Similarly, he writes of the presence, though most subtle and virtually impossible to grasp in its ineffability, of a peace which can be recognized in the midst of the dark night. We do, if we have reached this point, have the strength to endure. I think for me this is one of the most valued parts of the text, because this silence does not truly leave us ever, though it may seem to, or be so deeply covered in samsaric turbidity and grief that it cannot readily appear, but it is always there if it has been authentically realized. It is like the tiniest indestructible jewel just under the sands of the infinite desert, and to be made aware of this, though it provide no great solace, though this jewel prove so infinitely hard to grasp amid the seeming failure of all one’s faculties, if we are but able to become aware of it, can be enough to sustain the passage through the night.
My earnest prayer is that all beings win Nirvana through this dark night. Blessings to everyone, and persevere.
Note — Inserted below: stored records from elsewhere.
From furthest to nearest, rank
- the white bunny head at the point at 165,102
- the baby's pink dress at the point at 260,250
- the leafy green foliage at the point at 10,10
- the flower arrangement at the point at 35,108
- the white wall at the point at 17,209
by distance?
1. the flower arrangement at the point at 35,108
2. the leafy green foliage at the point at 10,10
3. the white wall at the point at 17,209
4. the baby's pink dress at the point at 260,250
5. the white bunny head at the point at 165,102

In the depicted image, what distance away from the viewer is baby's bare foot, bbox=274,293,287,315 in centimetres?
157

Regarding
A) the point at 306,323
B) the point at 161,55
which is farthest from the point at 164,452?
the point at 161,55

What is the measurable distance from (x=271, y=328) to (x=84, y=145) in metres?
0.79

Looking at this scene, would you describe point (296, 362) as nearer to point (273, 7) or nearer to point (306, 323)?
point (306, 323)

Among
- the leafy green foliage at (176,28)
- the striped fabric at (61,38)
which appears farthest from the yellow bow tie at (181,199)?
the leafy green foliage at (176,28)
Eloquently stated–many thanks!
Loving everything you’re doing now and have done in the past, there’s no reason to go into detail about my own experiences because they’ll be apparent in time; just wanted to say that I was re-reading some of your earlier blogs such as this one and wanted to say that I found a nice (somewhat long though) web-page that talks about the light of darkness from an alchemy perspective: http://www.awakeninthedream.com/the-light-of-darkness/
Figured you might find it interested, I’ve found it illuminating in some respects.
Thanks for the reference.
This is an interesting synchronicity for me since I’ve just finished viewing again Stanley Kubrick’s 2001: A Space Odyssey. This was done after reading an article entitled: “Alchemical Kubrick, 2001: A Space Odyssey, The Great Work-On Film,” by Jay Weidner. I wholeheartedly recommend following the link–one will never view the film in quite the same way again after doing so–wonderful article tying together Kubrick’s work and Alchemy.
Great article, just started reading it but so far loving it; It hadn’t occurred before the depths of knowledge that alchemy has, of course there are somethings that I consider to be extraneous conceptualization of the imaginary, but still overall it’s surprisingly similar to the illumination of the buddha-dharma (with a proper view of course, understanding the nature of words and not being caught up in definitions).
Thanks, for this series. It is very helpfull.